What Does This Mean for HSR Filers?

  • No changes to statutory thresholds, reportability requirements, exemption rules, or filing fees.
  • Filers may continue to submit HSR notifications as needed.
  • The change: which form to file on. Filers must continue to use the New HSR Forms until February 19. From February 20 onward, filers must revert to the old HSR form, unless the Fifth Circuit first reverses or stays the Southern District.

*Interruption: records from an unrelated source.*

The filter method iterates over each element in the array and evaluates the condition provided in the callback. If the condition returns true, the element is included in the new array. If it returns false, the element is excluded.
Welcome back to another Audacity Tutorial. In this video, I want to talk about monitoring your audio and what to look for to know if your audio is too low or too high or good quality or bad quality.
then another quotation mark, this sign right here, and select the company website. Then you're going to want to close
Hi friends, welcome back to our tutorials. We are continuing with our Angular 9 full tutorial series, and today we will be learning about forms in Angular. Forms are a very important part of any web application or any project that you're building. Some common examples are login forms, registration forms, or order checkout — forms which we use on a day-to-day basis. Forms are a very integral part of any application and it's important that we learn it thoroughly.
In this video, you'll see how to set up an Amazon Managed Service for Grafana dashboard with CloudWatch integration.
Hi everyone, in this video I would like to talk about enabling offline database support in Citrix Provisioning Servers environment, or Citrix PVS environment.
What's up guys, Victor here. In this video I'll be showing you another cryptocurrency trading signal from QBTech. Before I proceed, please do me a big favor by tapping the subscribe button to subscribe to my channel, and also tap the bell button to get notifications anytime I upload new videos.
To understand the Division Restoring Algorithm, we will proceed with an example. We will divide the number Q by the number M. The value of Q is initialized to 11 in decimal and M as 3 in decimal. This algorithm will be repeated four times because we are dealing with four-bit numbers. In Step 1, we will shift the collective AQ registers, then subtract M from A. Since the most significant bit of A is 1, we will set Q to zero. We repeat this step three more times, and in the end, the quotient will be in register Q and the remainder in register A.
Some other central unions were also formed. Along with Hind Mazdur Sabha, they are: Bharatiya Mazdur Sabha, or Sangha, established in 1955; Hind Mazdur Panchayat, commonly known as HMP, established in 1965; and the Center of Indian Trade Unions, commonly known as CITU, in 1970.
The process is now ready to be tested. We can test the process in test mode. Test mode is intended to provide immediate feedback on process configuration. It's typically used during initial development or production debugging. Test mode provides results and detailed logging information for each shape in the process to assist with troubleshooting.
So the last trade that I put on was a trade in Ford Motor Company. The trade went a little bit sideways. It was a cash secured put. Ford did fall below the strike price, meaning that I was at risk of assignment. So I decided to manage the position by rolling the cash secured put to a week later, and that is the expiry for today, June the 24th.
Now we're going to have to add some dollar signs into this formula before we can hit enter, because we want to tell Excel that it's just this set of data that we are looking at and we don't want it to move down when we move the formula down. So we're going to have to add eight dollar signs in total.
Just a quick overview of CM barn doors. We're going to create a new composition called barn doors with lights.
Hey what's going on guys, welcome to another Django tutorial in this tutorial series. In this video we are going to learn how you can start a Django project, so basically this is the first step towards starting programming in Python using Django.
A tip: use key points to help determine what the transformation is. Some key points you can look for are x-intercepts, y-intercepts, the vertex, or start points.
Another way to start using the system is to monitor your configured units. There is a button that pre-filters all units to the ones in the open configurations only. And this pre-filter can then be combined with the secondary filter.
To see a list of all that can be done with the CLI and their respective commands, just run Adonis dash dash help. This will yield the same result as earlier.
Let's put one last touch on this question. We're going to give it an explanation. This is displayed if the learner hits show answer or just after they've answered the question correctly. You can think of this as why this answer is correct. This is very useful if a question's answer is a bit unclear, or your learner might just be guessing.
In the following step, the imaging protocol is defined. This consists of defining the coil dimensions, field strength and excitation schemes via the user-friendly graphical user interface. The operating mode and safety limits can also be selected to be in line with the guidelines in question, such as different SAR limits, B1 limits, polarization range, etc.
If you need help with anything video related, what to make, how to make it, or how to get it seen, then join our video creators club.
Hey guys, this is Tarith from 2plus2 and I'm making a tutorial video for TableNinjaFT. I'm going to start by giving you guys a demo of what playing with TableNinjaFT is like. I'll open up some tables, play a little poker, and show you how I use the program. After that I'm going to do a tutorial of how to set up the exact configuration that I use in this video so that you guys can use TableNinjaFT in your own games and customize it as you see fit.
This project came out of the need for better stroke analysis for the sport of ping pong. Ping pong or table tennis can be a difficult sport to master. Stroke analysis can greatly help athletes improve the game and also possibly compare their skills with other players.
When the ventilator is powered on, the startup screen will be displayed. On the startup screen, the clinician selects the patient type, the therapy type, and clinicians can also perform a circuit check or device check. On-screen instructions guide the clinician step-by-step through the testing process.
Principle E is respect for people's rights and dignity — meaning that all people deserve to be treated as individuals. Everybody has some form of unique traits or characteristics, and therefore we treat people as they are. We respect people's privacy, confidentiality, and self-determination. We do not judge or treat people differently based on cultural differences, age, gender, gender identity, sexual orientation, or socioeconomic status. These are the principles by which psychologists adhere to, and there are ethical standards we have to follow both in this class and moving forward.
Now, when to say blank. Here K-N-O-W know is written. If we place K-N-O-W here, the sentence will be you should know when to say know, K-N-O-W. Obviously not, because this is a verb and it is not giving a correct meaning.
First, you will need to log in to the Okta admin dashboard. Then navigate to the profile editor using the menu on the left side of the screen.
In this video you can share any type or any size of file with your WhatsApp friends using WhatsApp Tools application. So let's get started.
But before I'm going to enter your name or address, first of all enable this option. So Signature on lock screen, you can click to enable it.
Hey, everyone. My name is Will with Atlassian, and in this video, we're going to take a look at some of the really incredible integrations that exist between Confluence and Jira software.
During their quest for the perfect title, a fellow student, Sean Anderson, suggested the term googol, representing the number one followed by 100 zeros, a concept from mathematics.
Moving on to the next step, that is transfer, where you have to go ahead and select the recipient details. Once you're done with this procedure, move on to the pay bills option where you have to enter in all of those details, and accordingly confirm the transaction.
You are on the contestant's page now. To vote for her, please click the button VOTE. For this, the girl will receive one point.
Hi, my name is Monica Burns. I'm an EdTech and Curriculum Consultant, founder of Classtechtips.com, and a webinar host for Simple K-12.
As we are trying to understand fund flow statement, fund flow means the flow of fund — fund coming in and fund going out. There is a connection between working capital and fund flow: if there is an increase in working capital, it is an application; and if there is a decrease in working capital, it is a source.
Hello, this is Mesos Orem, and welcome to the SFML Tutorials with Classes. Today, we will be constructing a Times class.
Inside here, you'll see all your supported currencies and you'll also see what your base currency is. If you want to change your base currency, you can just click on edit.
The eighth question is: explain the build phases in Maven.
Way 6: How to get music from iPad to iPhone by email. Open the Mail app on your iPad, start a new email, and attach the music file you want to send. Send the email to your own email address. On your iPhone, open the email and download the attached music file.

A federal court in Texas has invalidated the 2024 FTC final rule that created the New HSR Forms. In October 2024, the Federal Trade Commission (FTC) promulgated a final rule that created the New HSR Forms and materially expanded the information and documents that HSR filers must submit.1 These changes included production of additional documents that address competition, including certain categories of ordinary course documents – a substantial expansion from the old HSR form. Additionally, on the New HSR Forms, filers are required to provide a narrative of the rationale for the transaction and several narrative descriptions of the competition that exists between the filing parties (if any). These changes, among many others, have increased the average time and cost of HSR preparation.

The New HSR Forms have been in effect since early February 2025. Shortly before the New HSR Forms came into effect, the Chamber of Commerce and several aligned business groups sued the FTC in the Southern District of Texas, seeking to invalidate the final rule. Following summary judgment briefing and a hearing, on February 12, the court granted the plaintiffs' request.

The court held that the final rule exceeded the bounds of the FTC's authority under the HSR Act. Key to the court's analysis is language in the HSR Act, which limits the information and documentary material the FTC may require to that which is "necessary and appropriate" to allow the agencies to determine whether a proposed transaction poses harm to competition. Because the FTC failed to undertake an adequate cost-benefit analysis, it cannot establish that the final rule is less burdensome than needed for the FTC to carry out its statutory mandate. While the FTC adequately assessed the anticipated costs of the final rule, the court held that none of the purported benefits were concrete enough to overcome the costs.

The court also held the final rule arbitrary and capricious under the Administrative Procedure Act. The FTC's failure to conduct an adequate cost-benefit analysis, alone, renders the final rule arbitrary and capricious. But the court also held that the FTC failed to consider less burdensome alternatives to the final rule – an independent basis for holding the final rule arbitrary and capricious.

Accordingly, the court vacated the final rule. However, it stayed the vacatur for seven days to allow the FTC to seek emergency relief from the Fifth Circuit. Stay tuned for updates in this space.

Footnote

1 https://www.bakerlaw.com/insights/ftc-unveils-sweeping-modifications-to-hsr-merger-notification-form/

The content of this article is intended to provide a general guide to the subject matter. Specialist advice should be sought about your specific circumstances.